Problem ▸ There is a line below that contains "Personalized Baby Blankets". Please reproduce it and all following lines exactly, through the final one.
[Exercise materials — start]
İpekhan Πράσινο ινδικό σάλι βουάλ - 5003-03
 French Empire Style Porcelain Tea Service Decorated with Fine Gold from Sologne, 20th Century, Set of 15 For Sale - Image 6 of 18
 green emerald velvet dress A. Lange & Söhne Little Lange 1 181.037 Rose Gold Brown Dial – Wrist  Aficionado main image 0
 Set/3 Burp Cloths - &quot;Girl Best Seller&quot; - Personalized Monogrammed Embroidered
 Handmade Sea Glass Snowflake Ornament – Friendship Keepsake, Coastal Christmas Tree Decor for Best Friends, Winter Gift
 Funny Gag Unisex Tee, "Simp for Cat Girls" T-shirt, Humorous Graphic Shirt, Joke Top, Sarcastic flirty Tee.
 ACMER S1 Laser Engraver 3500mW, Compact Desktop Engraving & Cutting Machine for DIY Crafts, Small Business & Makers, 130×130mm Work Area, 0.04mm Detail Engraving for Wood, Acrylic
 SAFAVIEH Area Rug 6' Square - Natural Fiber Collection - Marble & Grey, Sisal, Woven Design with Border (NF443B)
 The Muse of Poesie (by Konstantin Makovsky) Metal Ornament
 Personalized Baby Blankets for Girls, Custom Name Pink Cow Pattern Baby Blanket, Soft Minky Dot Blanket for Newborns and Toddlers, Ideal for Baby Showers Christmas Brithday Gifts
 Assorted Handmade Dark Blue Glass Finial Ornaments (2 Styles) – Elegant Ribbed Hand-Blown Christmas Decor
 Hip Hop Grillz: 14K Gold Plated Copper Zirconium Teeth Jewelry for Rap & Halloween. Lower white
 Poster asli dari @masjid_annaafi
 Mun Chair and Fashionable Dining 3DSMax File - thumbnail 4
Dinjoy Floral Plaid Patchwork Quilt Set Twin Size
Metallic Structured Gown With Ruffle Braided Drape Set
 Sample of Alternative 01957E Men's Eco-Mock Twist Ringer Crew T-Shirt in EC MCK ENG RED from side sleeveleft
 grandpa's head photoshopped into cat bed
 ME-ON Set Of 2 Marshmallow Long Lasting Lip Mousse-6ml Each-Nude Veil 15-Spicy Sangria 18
[Exercise materials — finish]
Solution for this problem ▸
 Personalized Baby Blankets for Girls, Custom Name Pink Cow Pattern Baby Blanket, Soft Minky Dot Blanket for Newborns and Toddlers, Ideal for Baby Showers Christmas Brithday Gifts
 Assorted Handmade Dark Blue Glass Finial Ornaments (2 Styles) – Elegant Ribbed Hand-Blown Christmas Decor
 Hip Hop Grillz: 14K Gold Plated Copper Zirconium Teeth Jewelry for Rap & Halloween. Lower white
 Poster asli dari @masjid_annaafi
 Mun Chair and Fashionable Dining 3DSMax File - thumbnail 4
Dinjoy Floral Plaid Patchwork Quilt Set Twin Size
Metallic Structured Gown With Ruffle Braided Drape Set
 Sample of Alternative 01957E Men's Eco-Mock Twist Ringer Crew T-Shirt in EC MCK ENG RED from side sleeveleft
 grandpa's head photoshopped into cat bed
 ME-ON Set Of 2 Marshmallow Long Lasting Lip Mousse-6ml Each-Nude Veil 15-Spicy Sangria 18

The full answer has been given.